Although no damages to buildings nor injuries were reported, schools were evacuated as a precautionary measure.
Near to the epicentre of the earthquake is the potentially catastrophic Mount Vesuvius, some 51 miles away.
The 4,200-foot high volcano last erupted in 1944 and usually has an eruption cycle of every 20 years, meaning that it has been building up for almost four times that amount.
Mt Vesuvius is responsible for one of the most deadly eruptions in human history when, in 79 AD, the huge volcano erupted over the city of Pompeii, killing all 11,000 inhabitants of the ancient Roman-ruled area.
It is the most densely populated volcanic region in the world, with three million people living in the nearby city of Naples.

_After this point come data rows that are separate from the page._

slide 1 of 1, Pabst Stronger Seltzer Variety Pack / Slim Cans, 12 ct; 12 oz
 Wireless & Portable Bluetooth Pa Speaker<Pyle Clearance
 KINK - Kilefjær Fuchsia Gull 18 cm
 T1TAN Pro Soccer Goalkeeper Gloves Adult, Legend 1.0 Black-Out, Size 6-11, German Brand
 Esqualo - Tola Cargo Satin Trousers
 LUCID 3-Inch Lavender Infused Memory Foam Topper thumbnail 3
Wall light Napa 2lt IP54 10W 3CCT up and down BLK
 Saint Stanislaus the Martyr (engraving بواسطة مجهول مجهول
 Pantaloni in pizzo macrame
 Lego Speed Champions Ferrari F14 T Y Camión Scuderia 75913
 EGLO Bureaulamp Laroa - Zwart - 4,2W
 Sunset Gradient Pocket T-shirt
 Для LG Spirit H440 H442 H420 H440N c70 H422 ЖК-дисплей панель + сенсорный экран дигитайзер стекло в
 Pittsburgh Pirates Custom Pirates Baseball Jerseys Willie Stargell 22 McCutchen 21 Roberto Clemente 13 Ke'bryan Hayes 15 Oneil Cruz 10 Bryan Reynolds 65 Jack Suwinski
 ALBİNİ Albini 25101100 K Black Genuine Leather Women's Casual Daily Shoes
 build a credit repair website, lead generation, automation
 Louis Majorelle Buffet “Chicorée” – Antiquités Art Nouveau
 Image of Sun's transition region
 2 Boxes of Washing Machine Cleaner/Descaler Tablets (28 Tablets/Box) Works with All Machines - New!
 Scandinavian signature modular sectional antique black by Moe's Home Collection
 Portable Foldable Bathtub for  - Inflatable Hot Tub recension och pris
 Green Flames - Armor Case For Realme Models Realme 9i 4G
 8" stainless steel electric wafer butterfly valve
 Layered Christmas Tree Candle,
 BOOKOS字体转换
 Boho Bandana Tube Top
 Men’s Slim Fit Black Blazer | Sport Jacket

The earthquakes themselves are nothing to be concerned about, but some seismologists and volcanologists believe that tremors around a volcano could be a precursor of an impending eruption.
As a result of any impending blast, Italian officials in recent years have begun planning evacuation procedures.
The strategy is being created as the size of the “red zone” – areas which could be hit by an eruption – massively increased in 2016 from 550,000 people in 18 towns to 672,000 in 25 surrounding towns.
Vincenzo De Luca, President of the Campania region, told Italian press: “We have to equip ourselves to be prepared. Mount Vesuvius is a problem of gigantic proportions.”
Under the new proposal, there will be a plan in place to remove everyone from the danger zones within 72 hours, with 500 buses and 220 trains being readied in the first 12 hours to transport the citizens.
President De Luca has said: “We have no particular problems right now, but it is our duty to be prepared. Either you can pretend not to see challenges, or you can face them head on – even the most difficult.
“We should take advantage of the fact that Vesuvius is currently dormant, that it’s giving no sign of movement, in order to prepare ourselves to cope with the emergency, should it wake up.”